Na minha infância, muitas mulheres faziam. Queriam algo exclusivo, mesmo que inspirado nas revistas Manequim ou Burda – esta última uma publicação alemã. Carminha era costureira “careira”, para a qual você entregava as melhores “fazendas”, sem risco de perdê-las em uma má produção. De suas mãos, saiam tailleurs, tubinhos e terninhos para uma vida inteira, confeccionados em crepes, linhos, sedas, nas suas mais diversas e luxuosas variações.

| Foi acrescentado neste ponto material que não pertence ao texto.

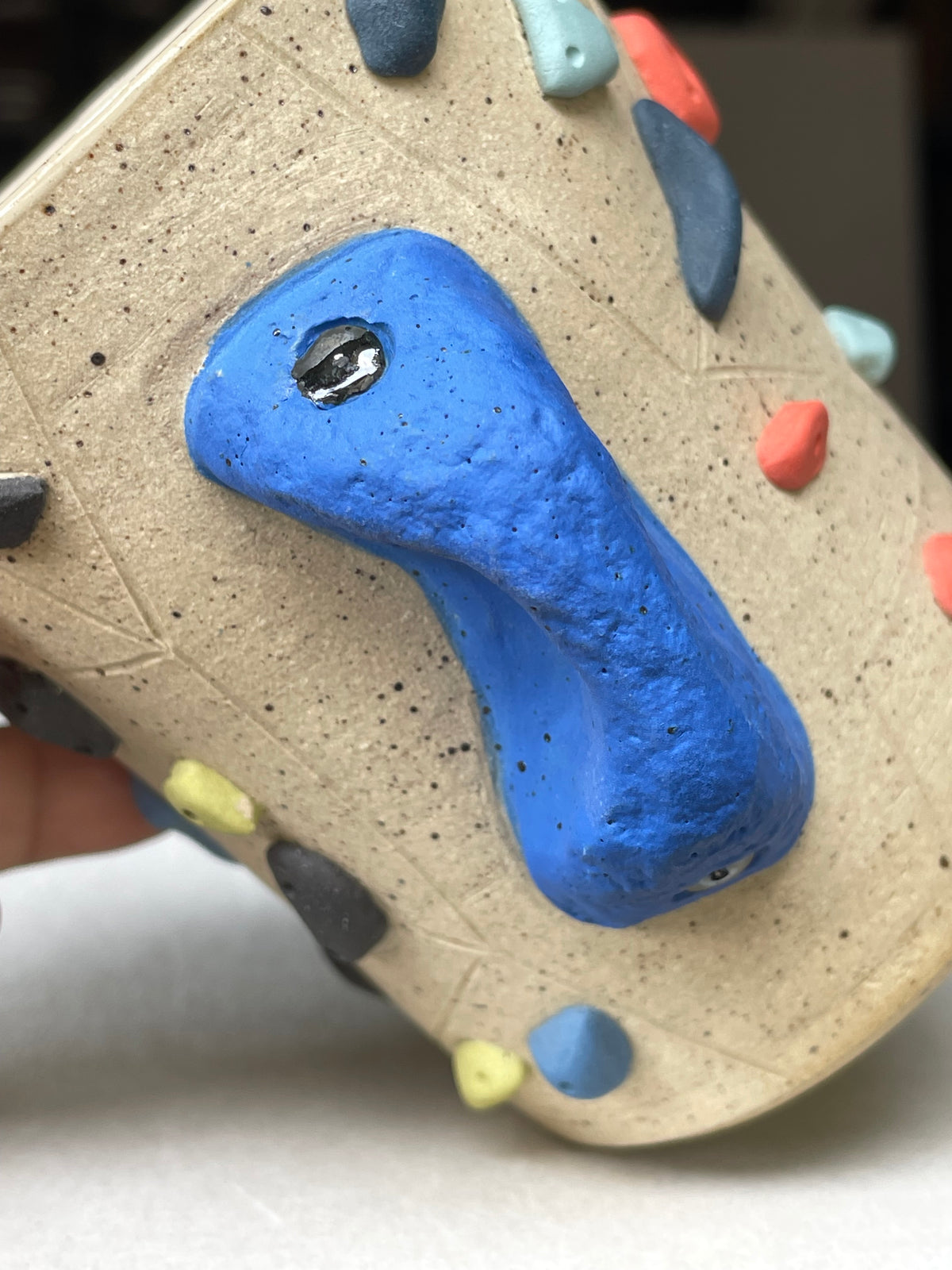 V-shape Cup - Buff Speckled with Hold Handle - Handsculpted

Lembro-me de correr Pedro Leopoldo, a pé ou de bicicleta, fazendo o contato entre os vários elos de uma poderosa cadeia de fornecedores. Cobrir botões e fazer ilhoses com Seu Wilson, de Vitória Malloy. Fecho-eclair e retrozes tinham que ser comprados na Lula, mãe de Celso Turco. As barras e outras pequenas costuras precisavam das mãos habilidosas de Vadica, lá do Quadro. E como o Quadro era longe naquela época…
Tirar as medidas, fazer o molde, cortar, costurar, provar, fazer o acabamento. Carminha trabalhava e muito. Passava horas guiando os tecidos por debaixo da agulha e, de vez em quando, levantava a cabeça pra falar essas coisas de mãe: “para de mexer aí, vai fazer seu dever, coloca a roupa no cesto, espera seu pai chegar…” Às vezes parava por mais tempo e pedia: “me mostra o que você fez”. E elogiava, e sorria e dizia que tudo ia ficar bem.
E é disso o que eu mais sinto falta na falta de Carminha: alguém pra eu mostrar o que fiz. E pra me dizer que tudo vai ficar bem.